The private rental market is governed by almost 200 pieces of legislation so it is essential that we provide you with step-by-step instructions on how to rent out your house legally and compliantly.

At LetsRent Bristol, we are aware that some of our landlords may be hesitant to rent out their homes without the help of a letting agent because they are intimidated by the intricacy of the renting laws and don’t want to break any rules. Since the private rental market is governed by almost 200 pieces of legislation, it is essential that we provide you with step-by-step instructions on how to rent out your house legally.

Consider renting out your home to make money. There are no secrets to compliance, best practices, or making expensive errors. For your entire peace of mind, everything is laid out in a simple, step-by-step manner for you to follow.

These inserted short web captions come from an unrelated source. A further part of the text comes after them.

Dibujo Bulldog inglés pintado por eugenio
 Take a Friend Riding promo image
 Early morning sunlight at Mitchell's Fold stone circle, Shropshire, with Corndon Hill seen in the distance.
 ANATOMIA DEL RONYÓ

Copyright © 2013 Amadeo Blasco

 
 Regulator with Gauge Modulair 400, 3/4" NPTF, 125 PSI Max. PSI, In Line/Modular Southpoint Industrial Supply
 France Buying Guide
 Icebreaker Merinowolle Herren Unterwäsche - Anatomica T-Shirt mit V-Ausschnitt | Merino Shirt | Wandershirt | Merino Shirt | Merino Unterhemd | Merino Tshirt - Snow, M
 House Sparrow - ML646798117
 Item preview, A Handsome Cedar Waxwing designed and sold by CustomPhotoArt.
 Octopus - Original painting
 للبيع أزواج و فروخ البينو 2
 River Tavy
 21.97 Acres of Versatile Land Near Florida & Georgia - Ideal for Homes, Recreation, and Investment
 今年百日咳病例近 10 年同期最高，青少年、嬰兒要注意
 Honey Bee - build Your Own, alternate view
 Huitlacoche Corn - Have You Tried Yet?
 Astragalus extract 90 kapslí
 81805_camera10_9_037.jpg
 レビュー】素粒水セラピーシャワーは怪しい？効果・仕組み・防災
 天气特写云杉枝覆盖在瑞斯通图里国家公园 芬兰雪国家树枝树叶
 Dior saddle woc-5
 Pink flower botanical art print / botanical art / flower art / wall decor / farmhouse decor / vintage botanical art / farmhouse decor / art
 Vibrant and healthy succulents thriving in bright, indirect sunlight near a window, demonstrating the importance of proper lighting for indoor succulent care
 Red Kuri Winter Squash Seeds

Lettings legislation for landlords before you let

Lettings legislation for landlords

Prior to renting your property

  • You must first be the legal owner of the property, either as a freeholder, leaseholder, or mortgagee as listed on the title document. Any prohibitions on your title, such as restrictive covenants prohibiting you (or anybody you rent out your property to) from doing certain things, such as parking a commercial vehicle at the property or hanging laundry on the balcony, will be explained in your deed of ownership. Positive covenants may exist, requiring you to perform certain tasks on the land, such as maintaining the upkeep of an adjacent fence or having the front yard mowed. If you plan to rent out your property, you should inform the tenant of any covenants on the property, either by including the pertinent deed or schedule in their tenancy agreement or by including the clauses in the “negotiated clauses” section at the conclusion.
  • Inform your mortgage company and your buildings insurance company of your decision to rent out your property if you own a leasehold property or have a mortgage on it. In case they need to place limits on you, it is best to ask these questions as soon as possible.
  • Building insurance is likely to be a stipulation of any mortgage or head lease on your property.  It is important to notify your insurance company that the property is being rented out, as you will be liable for the cost of re-housing tenants in the event that something happens to make the property uninhabitable, and to pay for any damage from fire or water, all of which could be invalidated if you have not notified the insurers that the property is rented.
    It is also wise to have a contents insurance policy to cover any white goods, carpets, wall-coverings, light-fittings etc.  You can obtain public liability insurance as part of your contents insurance, which will cover your tenant or any guest at the property from unforeseen circumstances, such as trip hazards, falling roof tiles, broken tree branches etc.
  • Last but not least, make sure the building has an E or higher energy performance rating.  Anything lower than E cannot be rented unless the building is listed and you have an exception certificate.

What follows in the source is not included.